Pocas figuras políticas han representado tan perfectamente el espíritu de la Transición española y la posterior deriva hacia el siglo XXI como Alfredo Pérez Rubalcaba, fallecido hoy en Madrid a causa de un ictus cerebral.
El histórico socialista fue un inteligente político, de aspecto templado, verbo fluido y decisiones firmes que desde mediados de los noventa jugó un papel relevante en la ejecutiva del PSOE, adquiriendo su máximo grado en su último (y triste) periodo al frente del partido.
Rubalcaba, que forma parte de la memoria sentimental de nuestro país, siempre irá ligado a la normalización democrática. Dibujó, como bien gusta a nuestros padres, un perfil moderado, analista, capacitado y pedagógico, fue pieza esencial en varios episodios cumbre del PSOE y, por ende, de la historia política reciente. Su rol más ingrato fue defender durante años, y desde la portavocía del Partido Socialista, todas las tropelías perpetradas por Felipe González y su equipo, del que formaba parte. Fue, digamos, el chico que sacaba la basura, llámese corrupción, Roldán, Mariano Rubio, Filesa o los GAL (papel por el que se ganó el sobrenombre entre la izquierda abertzale de Rugalcaba).

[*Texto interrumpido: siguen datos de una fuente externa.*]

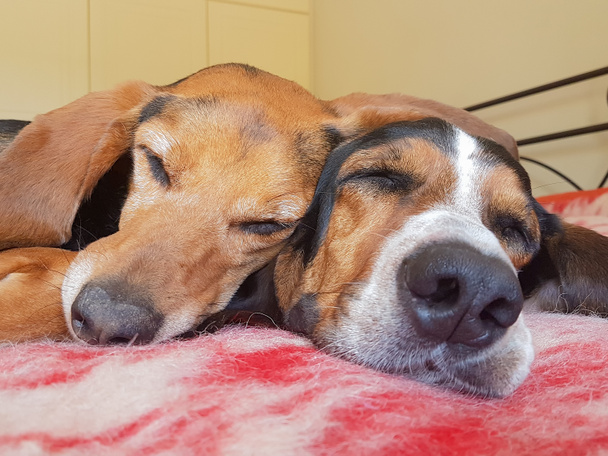 Due simpatici cani che dormono fianco a fianco. Uno sguardo ravvicinato di un momento divertente e amorevole
. - Foto, immagini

También disfrutó de momentos gratos y reconocidos; fue indispensable, a pesar de haberse situado junto a Bono en un comienzo, en el periodo de José Luis Rodríguez Zapatero al frente del Gobierno. Célebre fue aquella frase decisoria y lapidaria: «Los españoles no se merecen un Gobierno que les mienta», pronunciada los días posteriores al 11M con más razón de la que tuvo nunca. También se le adjudica un papel determinante, a nivel estratégico, en el final de la banda terrorista ETA y en la apertura europeísta de España.
Rubalcaba fue considerado siempre lo que en España se conoce como «un hombre de Estado», es decir, un político que actúa anhelando el bien común, sin detenerse en las siglas o intereses partidistas y con gran sentido de país. Una pieza elemental para un país que tiene que seguir rodando. En realidad, más que un hombre de Estado, Pérez Rubalcaba fue siempre un hombre de ‘establishment’, que es bien diferente.
El ex-secretario socialista apoyó con firmeza a los poderes fácticos en cualquier momento de debilidad o insurrección popular. Fue uno de los instigadores de la reforma del artículo 135, perpetrada en las vacaciones del 2011 con agostidad y alevosía, defendió con uñas y dientes la figura de Juan Carlos de Borbón y de la Casa Real cuando peor lo estaban pasando, y afeó la conducta de los indignados del 15M: “200 personas no pueden poner patas arriba la ciudad”, llegó a decir, legitimando las cargas policiales. Su figura, después de muchos años de protagonismo, era al principio de esta década la de un político que no se enteraba (o no se quería enterar) de lo que se hablaba en la calle: los desahucios, la migración de los jóvenes, la corrupción, la burbuja inmobiliaria…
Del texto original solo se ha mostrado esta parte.